▶ DATASET RECORDS:
━━━━━━━━━━━━━━━━━━━━━━━━━━━━━━

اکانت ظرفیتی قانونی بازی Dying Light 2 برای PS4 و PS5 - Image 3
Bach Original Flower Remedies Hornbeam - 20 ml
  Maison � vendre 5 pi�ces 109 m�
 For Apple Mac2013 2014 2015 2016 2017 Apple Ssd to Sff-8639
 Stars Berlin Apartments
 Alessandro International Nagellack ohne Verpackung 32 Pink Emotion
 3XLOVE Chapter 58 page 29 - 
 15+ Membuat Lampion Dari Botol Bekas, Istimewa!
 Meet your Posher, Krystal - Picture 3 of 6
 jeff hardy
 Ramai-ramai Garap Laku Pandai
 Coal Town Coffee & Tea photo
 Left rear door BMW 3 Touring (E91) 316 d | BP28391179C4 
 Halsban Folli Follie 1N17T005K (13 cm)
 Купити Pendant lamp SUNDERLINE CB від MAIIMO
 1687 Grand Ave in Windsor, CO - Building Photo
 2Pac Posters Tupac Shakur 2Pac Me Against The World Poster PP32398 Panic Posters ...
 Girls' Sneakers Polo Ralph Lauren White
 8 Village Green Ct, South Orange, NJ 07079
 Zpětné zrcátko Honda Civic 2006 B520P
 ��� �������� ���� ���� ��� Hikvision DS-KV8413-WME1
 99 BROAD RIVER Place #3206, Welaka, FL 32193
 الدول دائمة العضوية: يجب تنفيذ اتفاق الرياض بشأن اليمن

━━━━━━━━━━━━━━━━━━━━━━━━━━━━━━

▶ TASK:
Each entry above must be printed exactly as written.

▶ RESULT OF THIS TASK:
اکانت ظرفیتی قانونی بازی Dying Light 2 برای PS4 و PS5 - Image 3
Bach Original Flower Remedies Hornbeam - 20 ml
  Maison � vendre 5 pi�ces 109 m�
 For Apple Mac2013 2014 2015 2016 2017 Apple Ssd to Sff-8639
 Stars Berlin Apartments
 Alessandro International Nagellack ohne Verpackung 32 Pink Emotion
 3XLOVE Chapter 58 page 29 - 
 15+ Membuat Lampion Dari Botol Bekas, Istimewa!
 Meet your Posher, Krystal - Picture 3 of 6
 jeff hardy
 Ramai-ramai Garap Laku Pandai
 Coal Town Coffee & Tea photo
 Left rear door BMW 3 Touring (E91) 316 d | BP28391179C4 
 Halsban Folli Follie 1N17T005K (13 cm)
 Купити Pendant lamp SUNDERLINE CB від MAIIMO
 1687 Grand Ave in Windsor, CO - Building Photo
 2Pac Posters Tupac Shakur 2Pac Me Against The World Poster PP32398 Panic Posters ...
 Girls' Sneakers Polo Ralph Lauren White
 8 Village Green Ct, South Orange, NJ 07079
 Zpětné zrcátko Honda Civic 2006 B520P
 ��� �������� ���� ���� ��� Hikvision DS-KV8413-WME1
 99 BROAD RIVER Place #3206, Welaka, FL 32193
 الدول دائمة العضوية: يجب تنفيذ اتفاق الرياض بشأن اليمن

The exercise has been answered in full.